Kaltxì, ma frapo–
Here’s a quick little contest I hope some of you will enjoy:
Next week I’m going to be interviewed on camera for a web-based series called “The Secret Life of Scientists & Engineers.” (I’m not sure I count as a scientist, and I’m certainly not an engineer, but the producers thought that their viewers would be interested in the story of Na’vi.) As part of my preparation, I’ve been asked to compose a haiku, which I will read on camera. I suggested that it might be interesting if the haiku were in Na’vi instead of English, and the producers thought that was a great idea. Later, it occurred to me that this could be a fun little contest for members of the lì’fyaolo’: come up with a Na’vi haiku, which I will use for my interview, kezemplltxe with proper acknowledgment of the author!
For those of you who might not be familiar with haiku, it’s a form of brief poetry of Japanese origin. There are several varieties, but the most familiar one has three lines of 5, 7, and 5 syllables respectively–17 syllables in all. The subject is often related to the natural world.
Here’s a (not very good) English example I just made up.
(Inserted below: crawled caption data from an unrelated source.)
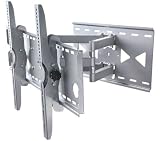 Photoprimus TV LCD/Plasma Wandhalterung Vario 9M+, Weiterentwickelte Version ab Juli 2008! (kipp und schwenkbar mit Doppelarm), optisch ansprechend und funktional. Groeße von 32 bis 50 Zoll. (Bis 60 KG Maximaler Abstand zwischen den Befestigungsschrauben auf der TV-Rückseite beträgt 72cm) Für Panasonic TH, Samsung LE, Samsung PS, Sony KDL, Samsung PS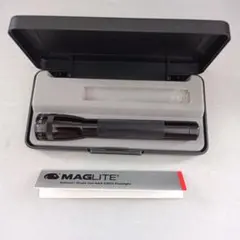 MINI MAGLITE　ミニマグライト　ケース付　乾電池無し　未使用品のサムネイル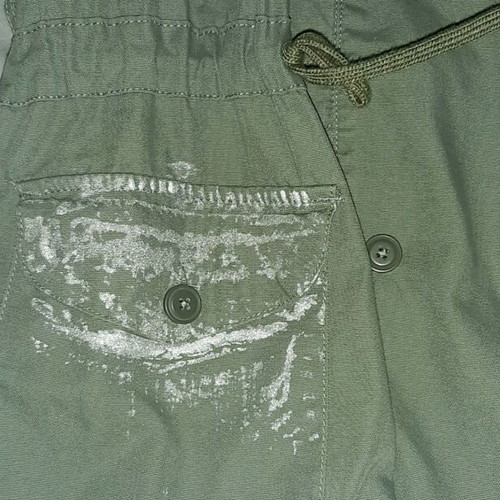 Jacket parka Zara Premium Collection new, khaki with silver details, large oversize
It’s based on recently seeing a young hawk enjoying our birdbath:
Hawk in my birdbath,
Looking in all directions.
Why so wary, friend?
If nothing else, at least it follows the 5, 7, 5 pattern. 🙂
So let’s see what you can do with a Na’vi haiku!
Tsmukan Markì has kindly created a thread on learnnavi.org where you can post your haikus anonymously:
I’ll check the thread periodically to see what’s there, and choose the one I like the best. Then I’ll find out who the author is so I can acknowledge her or him when I read the poem on camera.
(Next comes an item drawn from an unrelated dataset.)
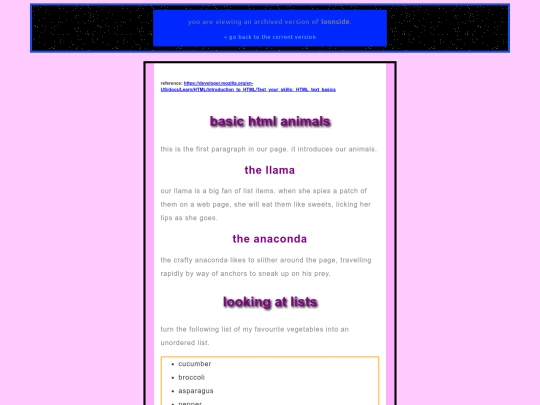 archive/tutorial/pages/test-your-skills-1 screenshot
Since my interview is Tuesday afternoon, please submit your haikus no later than Monday at noon, Pacific Time. I’ll make my choice later that day. Feel free to submit up to three haikus of your own.
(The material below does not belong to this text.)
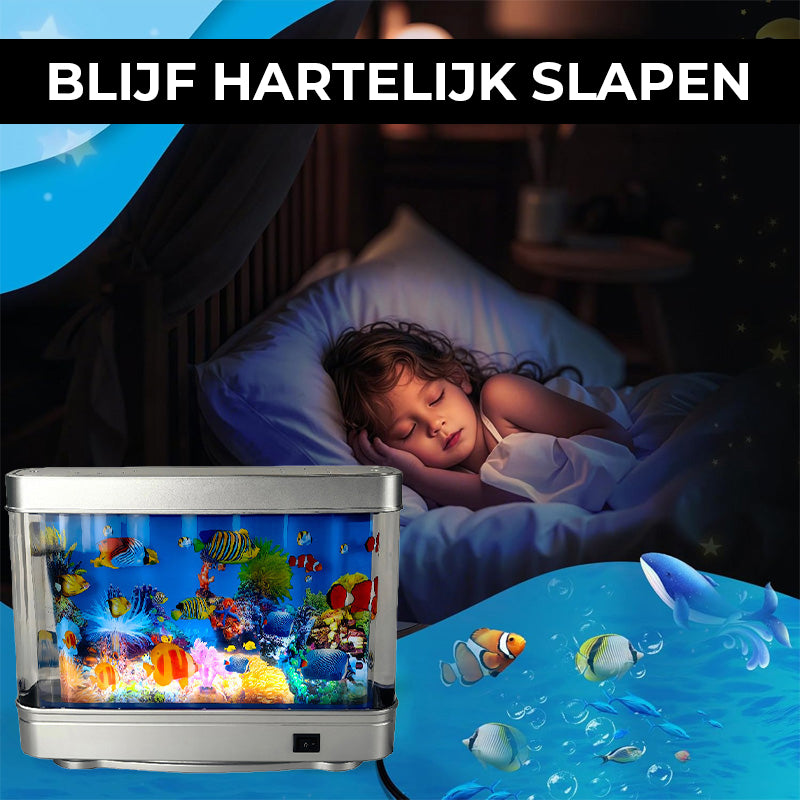 Kunstmatige tropische aquariumlamp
Sìlpey oe, fìsäwäsultsyìp ’o’ lìyevu ayngaru!
Oh, and some related vocabulary:
wäsul (vin., WÄ.sul–inf. 2, 2) ‘compete’
This compound is derived from wä ‘against’ + tul ‘run.’ Wä, as you know, triggers lenition. (The noun wätu ‘opponent’ is an exceptional form.)
Oe new ngahu ’awsiteng tìkangkem sivi–ke new futa wäsivul oeng.Tìng mikyun
‘I want to work together with you–I don’t want us to compete.’
tìwäsul (n., tì.WÄ.sul) ‘competition’ (i.e., the abstract idea of competition)
säwäsul (n., sä.WÄ.sul) ‘a competition’ (i.e., a particular instance of competing)
säwäsultsyìp (n., sä.WÄ.sul.tsyìp) ‘contest’
A foot race, for example, is a particular kind of competition–a säwäsul a tul.